- [Activity] In the entries below, repeat only the lines between those holding "Handmade Afghan Blanket" and "1711 E Belleview PLACE, Milwaukee, WI 53211", inclusive. Leave pictures out.

- [The data]

________

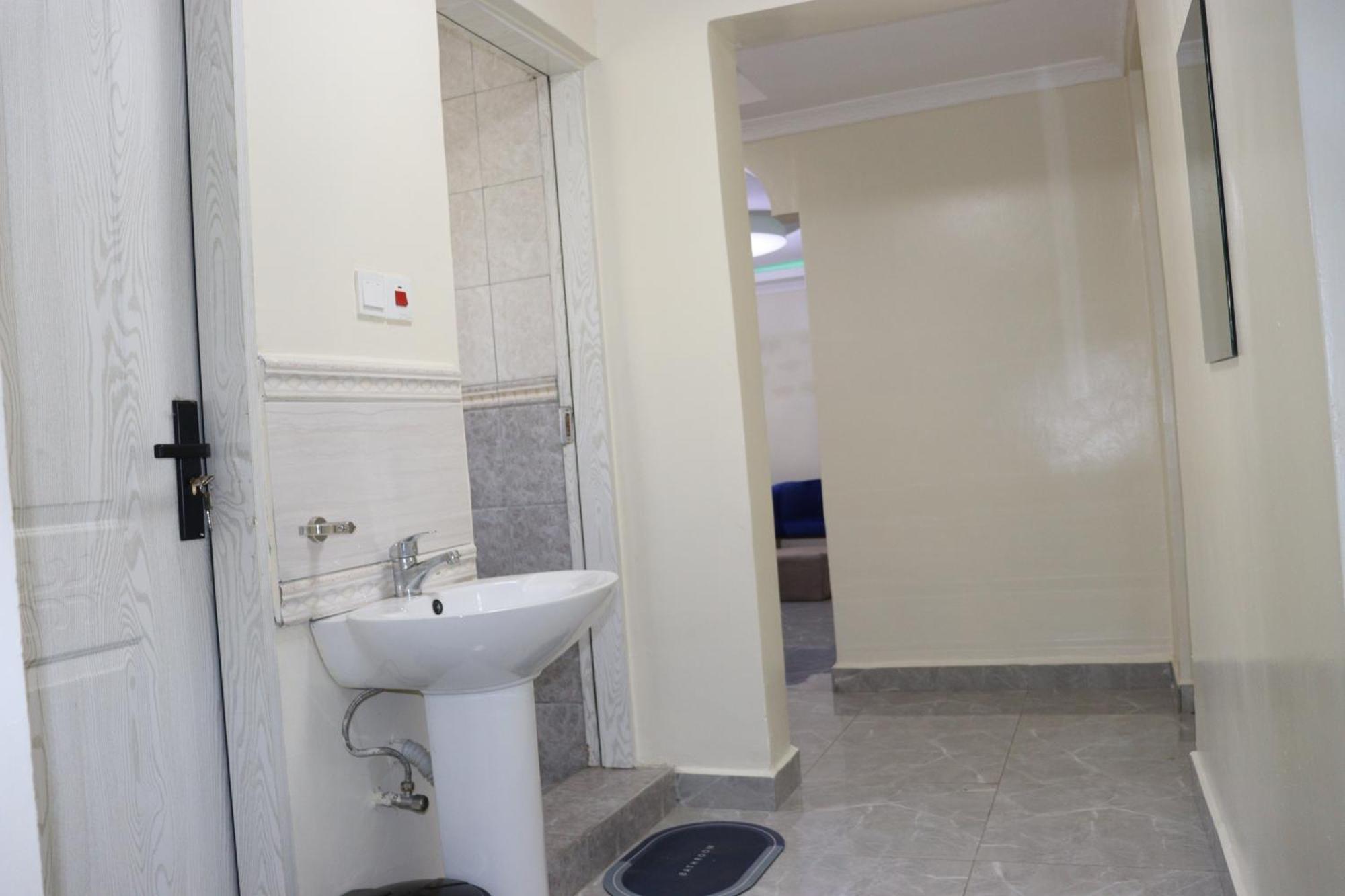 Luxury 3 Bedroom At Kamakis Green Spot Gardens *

________

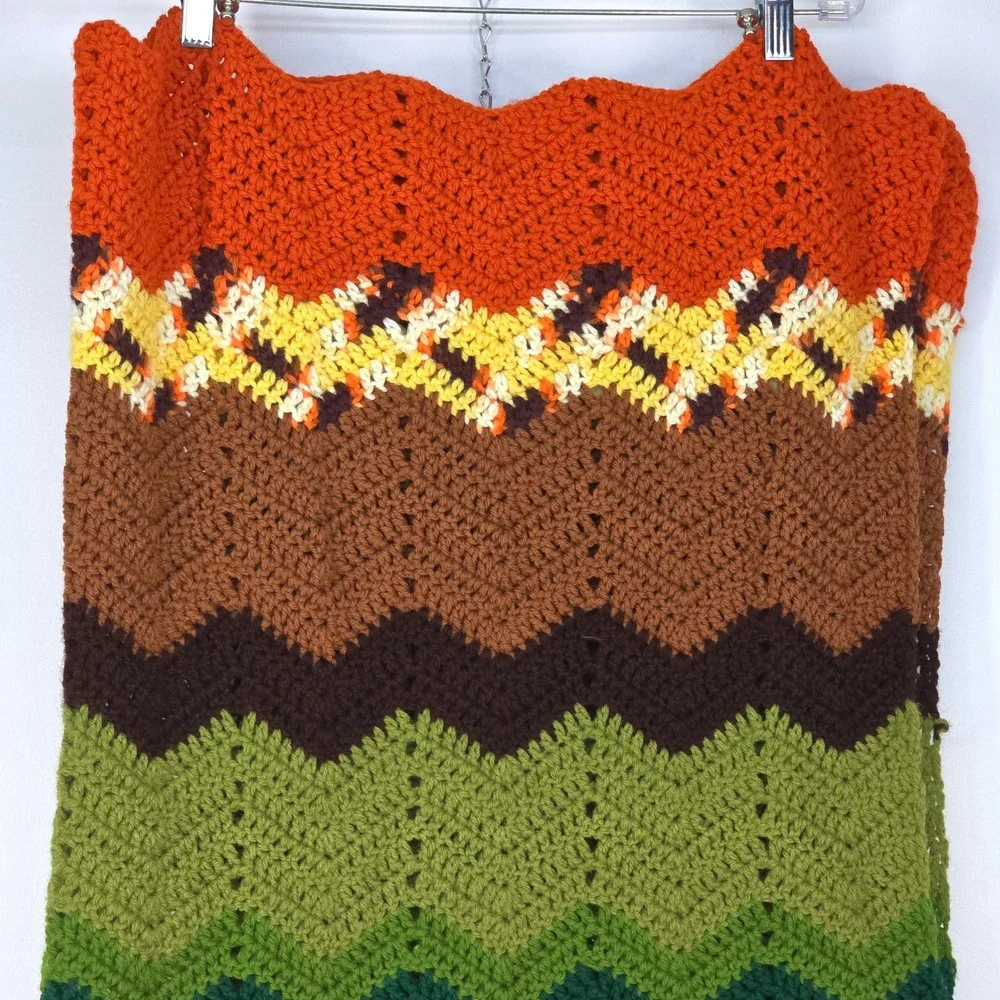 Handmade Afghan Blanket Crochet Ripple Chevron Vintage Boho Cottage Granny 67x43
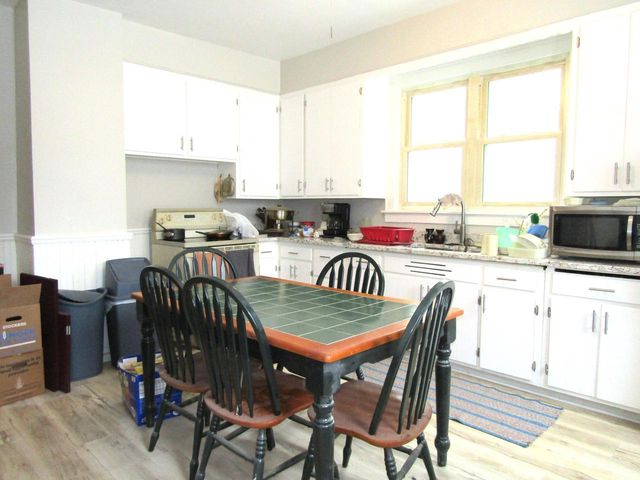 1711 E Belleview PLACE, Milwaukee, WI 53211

________

- [Answer to the exercise]
 Handmade Afghan Blanket Crochet Ripple Chevron Vintage Boho Cottage Granny 67x43
 1711 E Belleview PLACE, Milwaukee, WI 53211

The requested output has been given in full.